All resources in UBY are represented according to a uniform and comprehensive LMF lexicon model, UBY-LMF. UBY-LMF captures lexical information at a fine-grained level by employing a large number of Data Categories from ISOcat. UBY-LMF, and thus also UBY, is designed to be directly extensible by new resources and languages.

UBY-LMF enables structural and semantic interoperability (with respect to linguistic terminology) across resources down to a fine-grained level of semantic and syntactic information by employing a large number of Data Categories from ISOcat (see also public Data Category Selection Uby 2012).

XML Serialization of UBY-LMF

The current DTD for the XML serialization of UBY-LMF can be found on GitHub.

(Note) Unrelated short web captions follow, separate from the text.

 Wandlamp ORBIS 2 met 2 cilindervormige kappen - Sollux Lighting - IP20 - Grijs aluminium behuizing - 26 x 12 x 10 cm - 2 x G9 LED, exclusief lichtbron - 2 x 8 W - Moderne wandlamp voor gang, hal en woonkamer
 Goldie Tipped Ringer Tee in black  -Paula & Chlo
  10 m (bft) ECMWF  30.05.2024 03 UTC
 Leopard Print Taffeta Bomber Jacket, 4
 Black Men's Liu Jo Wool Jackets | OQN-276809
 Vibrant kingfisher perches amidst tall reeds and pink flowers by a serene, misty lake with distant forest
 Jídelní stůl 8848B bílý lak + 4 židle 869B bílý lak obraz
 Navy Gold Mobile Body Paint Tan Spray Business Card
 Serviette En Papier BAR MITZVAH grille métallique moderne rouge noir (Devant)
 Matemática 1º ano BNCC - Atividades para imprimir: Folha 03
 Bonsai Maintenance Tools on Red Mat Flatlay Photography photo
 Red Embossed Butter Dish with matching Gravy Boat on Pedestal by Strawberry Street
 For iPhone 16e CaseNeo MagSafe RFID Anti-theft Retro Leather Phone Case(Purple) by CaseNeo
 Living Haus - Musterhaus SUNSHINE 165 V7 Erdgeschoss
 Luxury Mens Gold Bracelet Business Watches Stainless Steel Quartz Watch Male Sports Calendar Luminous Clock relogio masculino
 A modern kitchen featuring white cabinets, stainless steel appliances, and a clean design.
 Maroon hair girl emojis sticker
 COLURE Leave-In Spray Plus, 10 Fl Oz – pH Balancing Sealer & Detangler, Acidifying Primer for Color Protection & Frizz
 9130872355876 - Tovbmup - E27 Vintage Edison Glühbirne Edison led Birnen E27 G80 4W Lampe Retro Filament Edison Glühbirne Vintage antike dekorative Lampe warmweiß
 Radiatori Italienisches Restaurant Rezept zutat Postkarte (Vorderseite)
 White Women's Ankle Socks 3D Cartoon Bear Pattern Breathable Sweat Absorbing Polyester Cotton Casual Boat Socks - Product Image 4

The UBY-LMF DTD contains references to ISOcat Data Categories. Note that many attributes or attribute values in UBY-LMF link to ISOcat Data Categories with a different (so-called admitted) name. This is explicitly supported by ISOcat, because each Data Category definition may optionally contain Data Element Name Sections in order to record other names for the DC as used in different sources, such as a given database, format or application.

Java Implementation of UBY-LMF

The primary implementation of the UBY-LMF lexicon model is in Java, see current version on GitHub.